You folks talk to the Pa. Game commission at all? I'm sure they have some good input on our situation.
 

Rebel's Dad

Senior Member
I think Missouri is trying grouse translocation and restocking:


Only thing DNRs in the south could do is shorten seasons at the back end but I don't think enough people hunt grouse for that to matter?

Pennsylvania shortened its season.
If they shorten the season it'll kill grouse hunting totally and drive away the people still hunting them. And if no one is hunting them no one will care enough about them to do anything.

Ohio shortened its season many years ago and it's done nothing to stop the decline.
 

lampern

Sticks his nose where it doesn't belong
Grouse season lengths by state:

Ohio

Ruffed Grouse (public land) Oct. 8, 2022 Nov. 27, 2022
Ruffed Grouse (private land) Oct. 8, 2022 Jan. 1, 2023

Pennsylvania

Oct. 15-Nov. 12; Sunday, Nov. 13; Nov. 14-19; Sunday, Nov. 20; Nov. 21-25 and Dec. 12-23

Virginia

October 29 through February 11: west of I-95.
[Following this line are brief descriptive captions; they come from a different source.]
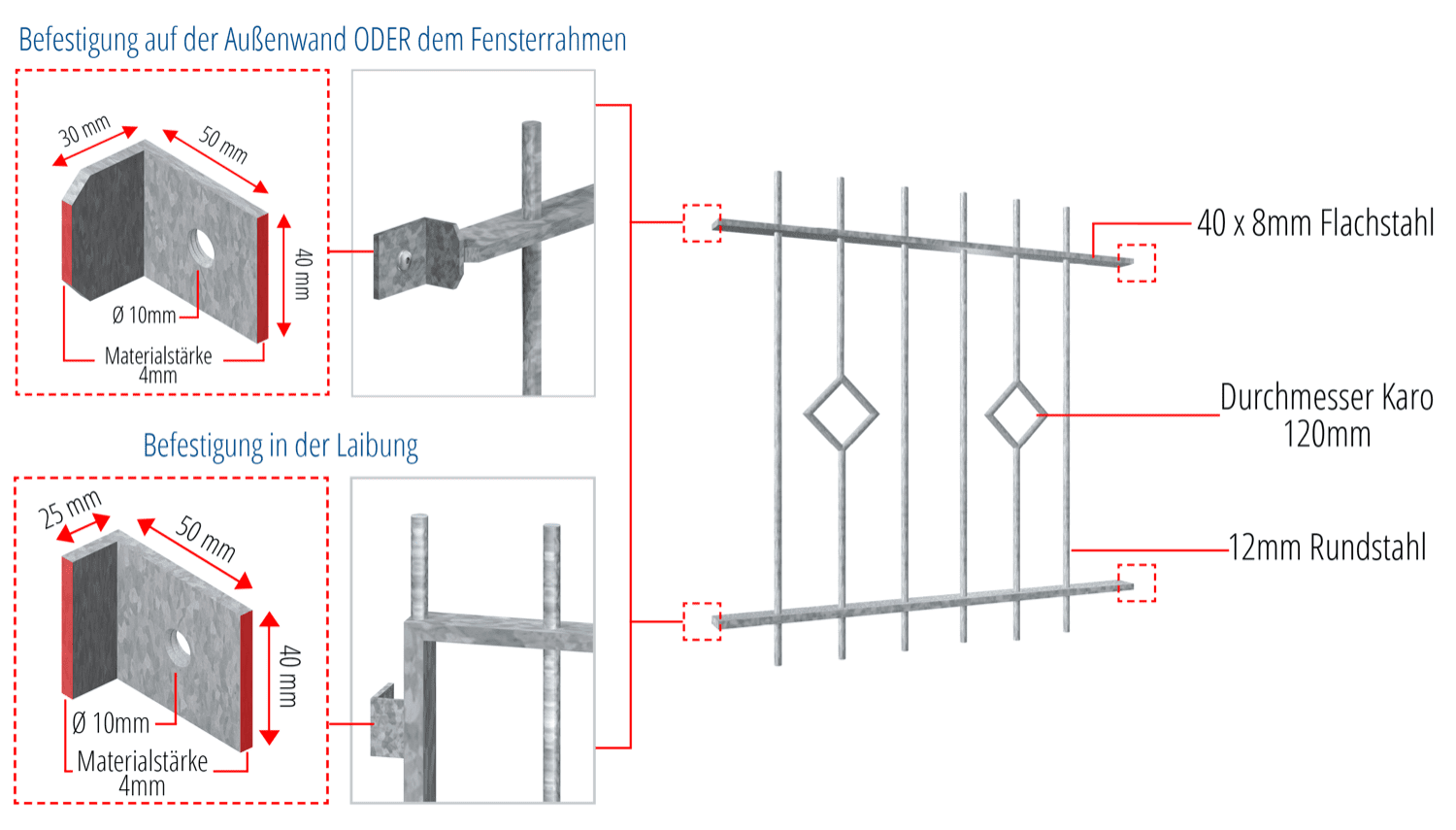 Fenstergitter verzinkt Karo Stab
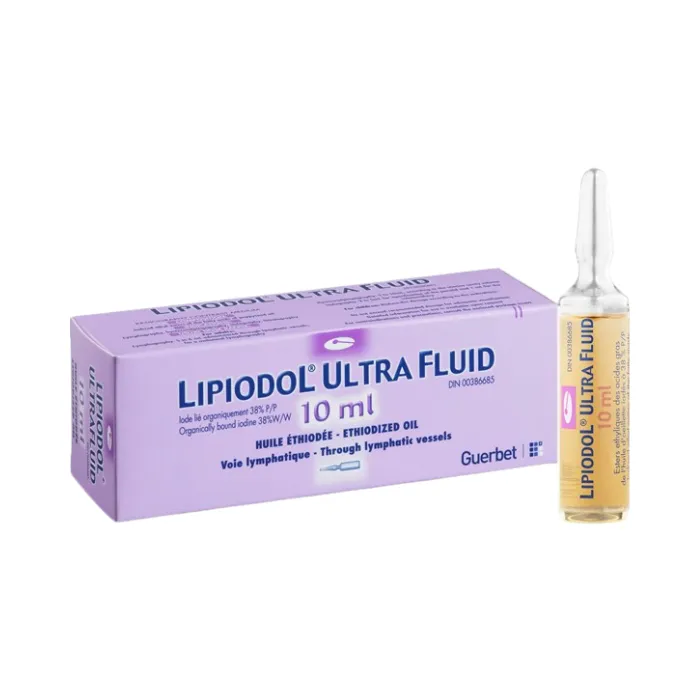 Lipiodol Ultra Fluide (Hộp 50 ống x 10ml) - Sử dụng trong chụp X quang chẩn đoán tổn thương ở hệ bạch huyết hoặc gan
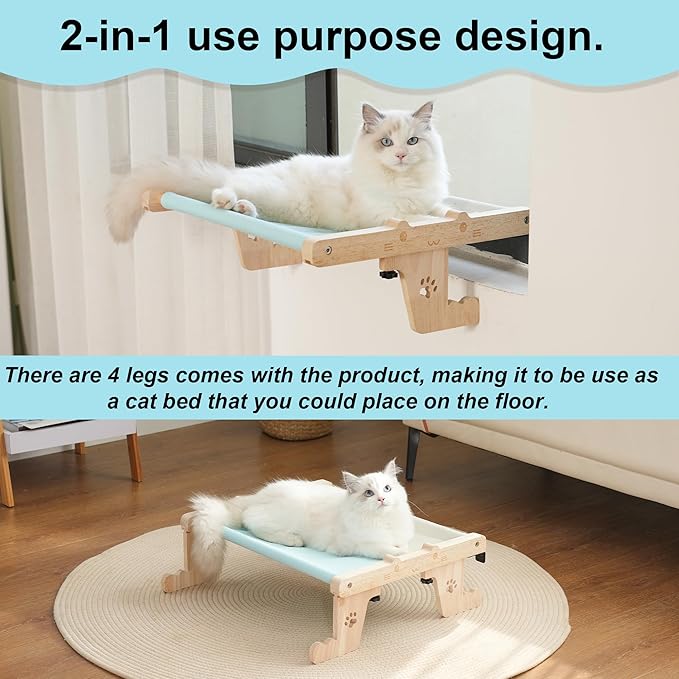 Cat Sill Window Perch Sturdy Cat Hammock Wooden Pet cat Bed Easy to Adjust Cat Bed for Windowsill Bedside Drawer Cabinet Floor (Blue with Gray)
Continuous closed season: east of I-95.

North Carolina


Oct. 17, 2022 – Feb. 28, 2023


Tennessee

Oct 8- Feb 28

South Carolina

Nov. 24-Mar. 1
 

quaildoc

Member
And again, hunters need to start commenting on FS projects and sales--they don't hear from us in the numbers they hear from preservationists.

Taking off my scientist hat and putting on my hunter hat...yes please voice your desire for more grouse and grouse hunting opportunities. Do so in a tactful and courteous way--it will get you much further than a tirade.
 

quaildoc

Member
I appreciate your efforts quaildoc. I would think to get a clear drumming count in the Northern WMA you should have papers or such to fill out during turkey season at the checking station. Just my 2 cents. I heard more drumming last spring than I heard in many many years. While on a annual turkey hunt week long trip that I have taken for many years. .
We have found that the peak drumming is around April 15 so that aligns with your observation. Emily has discuss using turkey hunters to count grouse on WMAs. Something we will revisit soon. We are using acoustic recording devices and they seem to be working well. They don't complain as much about working overtime. ;-)
 

quaildoc

Member
You folks talk to the Pa. Game commission at all? I'm sure they have some good input on our situation.
We have an informal grouse group that talks every once in a while. Plus I know most agency folks working on game birds. I know the new grouse bio in PA fairly well.
 

quaildoc

Member
If they shorten the season it'll kill grouse hunting totally and drive away the people still hunting them. And if no one is hunting them no one will care enough about them to do anything.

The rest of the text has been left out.